Message ID | c465430b0802ced71d22f548587f2e06951b3cd5.1725621577.git.asml.silence@gmail.com (mailing list archive) |
---|---|
State | New |
Headers | show |
Series | implement async block discards and other ops via io_uring | expand |
On Fri, Sep 06, 2024 at 11:57:25PM +0100, Pavel Begunkov wrote: > Add a command that writes the zero page to the drive. Apart from passing > the zero page instead of actual data it uses the normal write path and > doesn't do any further acceleration, nor it requires any special > hardware support. The indended use is to have a fallback when > BLOCK_URING_CMD_WRITE_ZEROES is not supported. That's just a horrible API. The user should not have to care if the kernel is using different kinds of implementations.
On 9/10/24 09:02, Christoph Hellwig wrote: > On Fri, Sep 06, 2024 at 11:57:25PM +0100, Pavel Begunkov wrote: >> Add a command that writes the zero page to the drive. Apart from passing >> the zero page instead of actual data it uses the normal write path and >> doesn't do any further acceleration, nor it requires any special >> hardware support. The indended use is to have a fallback when >> BLOCK_URING_CMD_WRITE_ZEROES is not supported. > > That's just a horrible API. The user should not have to care if the > kernel is using different kinds of implementations. It's rather not a good api when instead of issuing a presumably low overhead fast command the user expects sending a good bunch of actual writes with different performance characteristics. In my experience, such fallbacks cause more pain when a more explicit approach is possible. And let me note that it's already exposed via fallocate, even though in a bit different way.

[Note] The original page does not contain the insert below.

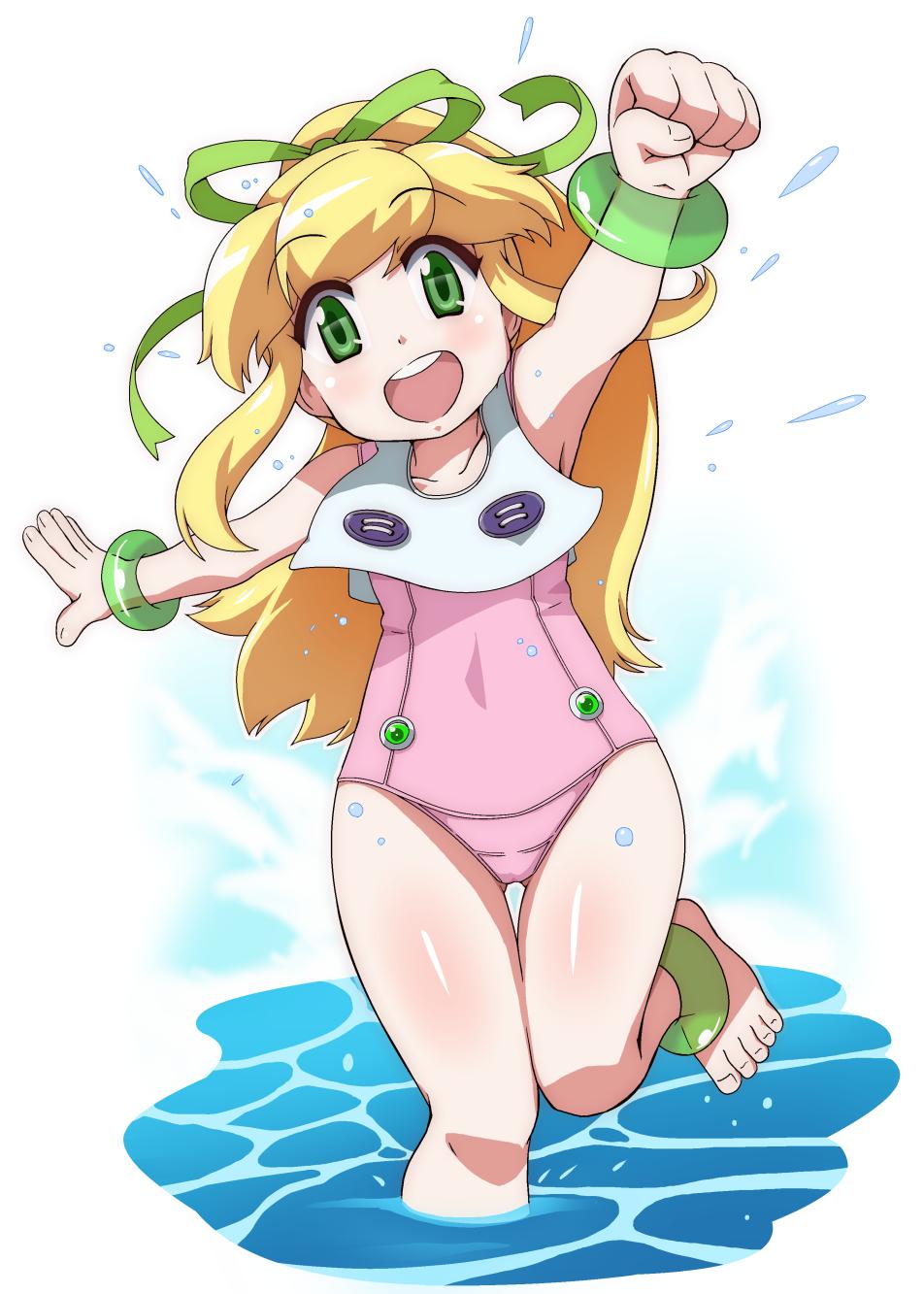 1girl barefoot blonde_hair feet green_eyes green_ribbon hair_ribbon highres jewelry ki_(adotadot) long_hair looking_at_viewer mega_man_(classic) mega_man_(series) open_mouth ponytail ribbon roll_(mega_man) smile solo swimsuit water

On Tue, Sep 10, 2024 at 01:17:48PM +0100, Pavel Begunkov wrote: > > > Add a command that writes the zero page to the drive. Apart from passing > > > the zero page instead of actual data it uses the normal write path and > > > doesn't do any further acceleration, nor it requires any special > > > hardware support. The indended use is to have a fallback when > > > BLOCK_URING_CMD_WRITE_ZEROES is not supported. > > > > That's just a horrible API. The user should not have to care if the > > kernel is using different kinds of implementations. > > It's rather not a good api when instead of issuing a presumably low > overhead fast command the user expects sending a good bunch of actual > writes with different performance characteristics. The normal use case (at least the ones I've been involved with) are simply zero these blocks or the entire device, and please do it as good as you can. Needing asynchronous error handling in userspace for that is extremely counter productive. > In my experience, > such fallbacks cause more pain when a more explicit approach is > possible. And let me note that it's already exposed via fallocate, even > though in a bit different way. Do you mean the FALLOC_FL_PUNCH_HOLE | FALLOC_FL_KEEP_SIZE case in blkdev_fallocate? As far as I can tell this is actually a really bad example, as even a hardware offloaded write zeroes can and often does write physical zeroes to the media, and does so from a firmware path that is often slower than the kernel loop. But you have an actual use case where you want to send a write zeroes command but never a loop of writes, it would be good to document that and add a flag for it. And if we don't have that case it would still be good to have a reserved flags field to add it later if needed. Btw, do you have API documentation (e.g. in the form of a man page) for these new calls somewhere?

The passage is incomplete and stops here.